The Congress of Berlin was held in June and July 1878, the central relationship in it that between Disraeli and Bismarck. In later years, the German chancellor would show visitors to his office three pictures on the wall: "the portrait of my Sovereign, there on the right that of my wife, and on the left, there, that of Lord Beaconsfield". Disraeli caused an uproar in the congress by making his opening address in English, rather than in French, hitherto accepted as the international language of diplomacy.

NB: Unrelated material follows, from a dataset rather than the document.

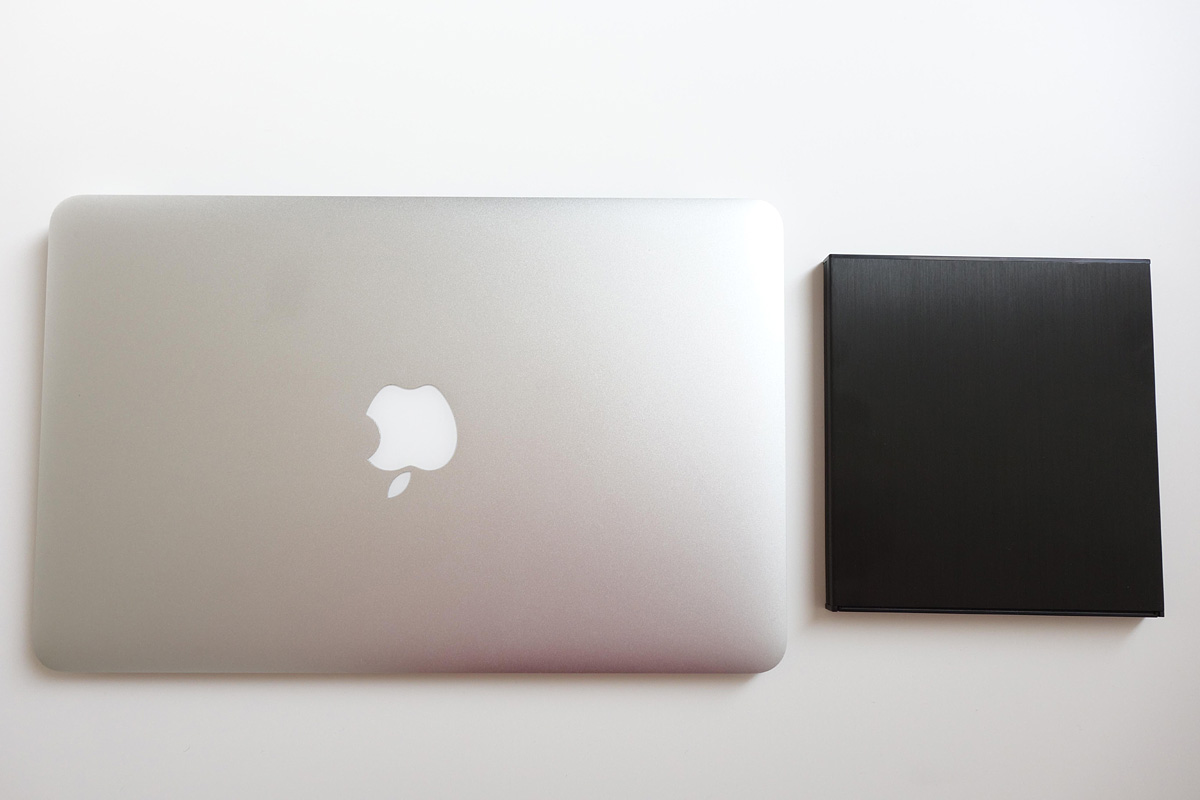 MacBook AirとBRP-UT6ALK　上からの写真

By one account, the British ambassador in Berlin, Lord Odo Russell, hoping to spare the delegates Disraeli's very poor French accent, told Disraeli that the congress was hoping to hear a speech in English by one of its masters.

Disraeli left much of the detailed work to Salisbury, concentrating his efforts on making it as difficult as possible for the broken-up big Bulgaria to reunite. Disraeli intended that Batum be demilitarised, but the Russians obtained their preferred language, and in 1886, fortified the town. Nevertheless, the Cyprus Convention ceding the island to Britain was announced during the congress, and again made Disraeli a sensation.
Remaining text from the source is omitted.